One of the trends in this ‘jobless’ recovery from the Great Recession is the noticeable skills gap that impacts many industries today. At Nesco Resource, we sometimes struggle to match available employees to the specific job requirements outlined by our clients. In the Cleveland market near our corporate HQ, this skills gap is clear and concerning to many in the manufacturing sector. No longer can we call the required skills simply as ‘blue-collar’ or ‘unskilled labor’ or expect that employers can carry the burden of training people up to perform tasks required.
Astro Manufacturing & Design is facing this challenge. This major supplier to the aerospace industry has a major challenge filling skilled labor positions and this profile of employee David Slamic from The Plain Dealer starkly illustrates the problem. Robert L. Smith writes:
Astro executives not only hired [Slamic], they asked if he could bring in 10 more young people like himself. Slamic, who makes more than $20 an hour as a machinist, said he could not bring even one.
“My friends, they’ve got a false perception,” he said, as a $300,000 computer-driven lathe thrummed gently behind him. “They think it’s a dirty job, factory work. They don’t actually know what it’s like.”

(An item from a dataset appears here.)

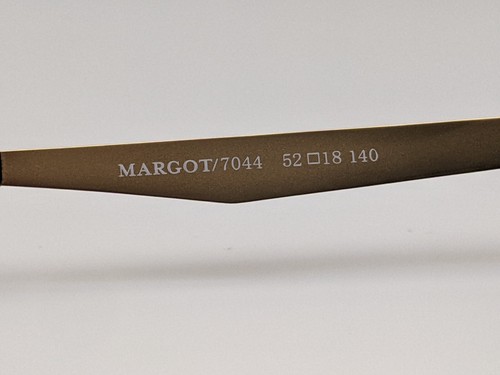 Monturas de gafas Bon Vivant Margot 7044 Butterfly Italia: negras y doradas 52-18-140 - Imagen 10 de 11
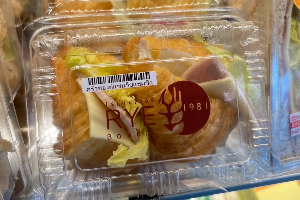 แซนวิชครัวซองต์แฮมชีส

As noted in the following article, the Northeast Ohio area is combining efforts from the Business Attraction group Team NEO, local Community colleges and industry groups like the Alliance for Working Together to help close this gap and strengthen our workforce to meet the challenges of the coming decade. By starting early in the education process to be sure that basic skills are taught, and with specific courses in secondary education tuned to local industry needs, the challenge faced today will be overcome. It is heartening to see the combined efforts at many levels of the community and industry working hand-in-hand to bridge the gap and bring a solution to bear.